I'm trying to implement an octree, and for that, I need a fast AABB-ray intersection algorithm. After some searching, I came across this paper that seemed to offer that. From the source code, available here, I translated the pluecker_cls_cff
function to C# as this:
public bool Intersect_2(ref RayPluecker r)
{
switch (r.Classification)
{
// 7 same-ish cases snipped
case Classification.PPP:
return !((r.Position.X > this.Max.X) || (r.Position.Y > this.Max.Y) || (r.Position.Z > this.Max.Z) ||
(r.PlueckerCoefficient.X + r.Direction.X * this.Max.Y - r.Direction.Y * this.Min.X < 0) ||
(r.PlueckerCoefficient.X + r.Direction.X * this.Min.Y - r.Direction.Y * this.Max.X > 0) ||
(r.PlueckerCoefficient.Y + r.Direction.X * this.Min.Z - r.Direction.Z * this.Max.X > 0) ||
(r.PlueckerCoefficient.Y + r.Direction.X * this.Max.Z - r.Direction.Z * this.Min.X < 0) ||
(r.PlueckerCoefficient.Z - r.Direction.Z * this.Min.Y + r.Direction.Y * this.Max.Z < 0) ||
(r.PlueckerCoefficient.Z - r.Direction.Z * this.Max.Y + r.Direction.Y * this.Min.Z > 0));
}
return false;
}
This seems to work fine, but it seemed fairly slow to me (250ms to do 10 million intersects) so I tried some micro-benchmarking with different varieties.
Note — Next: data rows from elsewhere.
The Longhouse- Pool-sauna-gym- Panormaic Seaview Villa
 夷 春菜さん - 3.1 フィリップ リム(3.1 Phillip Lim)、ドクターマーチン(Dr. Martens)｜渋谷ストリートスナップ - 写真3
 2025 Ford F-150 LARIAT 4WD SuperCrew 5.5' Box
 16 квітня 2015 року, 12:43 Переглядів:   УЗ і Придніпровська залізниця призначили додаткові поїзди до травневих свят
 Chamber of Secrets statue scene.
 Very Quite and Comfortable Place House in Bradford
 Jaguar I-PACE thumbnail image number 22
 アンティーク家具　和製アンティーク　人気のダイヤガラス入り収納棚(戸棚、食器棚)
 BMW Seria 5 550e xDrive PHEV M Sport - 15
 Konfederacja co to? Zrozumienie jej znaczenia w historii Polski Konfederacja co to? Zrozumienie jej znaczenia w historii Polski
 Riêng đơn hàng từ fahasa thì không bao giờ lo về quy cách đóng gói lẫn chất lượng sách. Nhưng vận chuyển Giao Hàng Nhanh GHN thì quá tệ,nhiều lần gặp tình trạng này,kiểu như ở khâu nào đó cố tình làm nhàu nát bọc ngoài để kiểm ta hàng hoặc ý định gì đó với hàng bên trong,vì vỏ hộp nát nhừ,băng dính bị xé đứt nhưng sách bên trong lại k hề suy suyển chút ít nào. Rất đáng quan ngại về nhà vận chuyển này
In one, I removed the negation that is right after the return
statement and reversed all comparisons (>
to <
and visa versa).
It's now:
case Classification.PPP:
return ((r.Position.X < this.Max.X) || (r.Position.Y < this.Max.Y) || (r.Position.Z < this.Max.Z) ||
(r.PlueckerCoefficient.X + r.Direction.X * this.Max.Y - r.Direction.Y * this.Min.X > 0) ||
(r.PlueckerCoefficient.X + r.Direction.X * this.Min.Y - r.Direction.Y * this.Max.X < 0) ||
(r.PlueckerCoefficient.Y + r.Direction.X * this.Min.Z - r.Direction.Z * this.Max.X < 0) ||
(r.PlueckerCoefficient.Y + r.Direction.X * this.Max.Z - r.Direction.Z * this.Min.X > 0) ||
(r.PlueckerCoefficient.Z - r.Direction.Z * this.Min.Y + r.Direction.Y * this.Max.Z > 0) ||
(r.PlueckerCoefficient.Z - r.Direction.Z * this.Max.Y + r.Direction.Y * this.Min.Z < 0));
This should give the same result, right? It seemed so, as it returns the same results as the negated version with a couple of test cases. However, in the benchmark, it was 5x faster (50ms to do 10 million intersects)! I'm sure it wasn't being optimized out, my benchmark looks like this:
for (int i = 0; i < 10000000; i++)
{
if (!box.Intersect_3(ref ray))
{
throw new Exception();
}
}
What can explain this huge difference? I'm running .NET 4.0 on x86.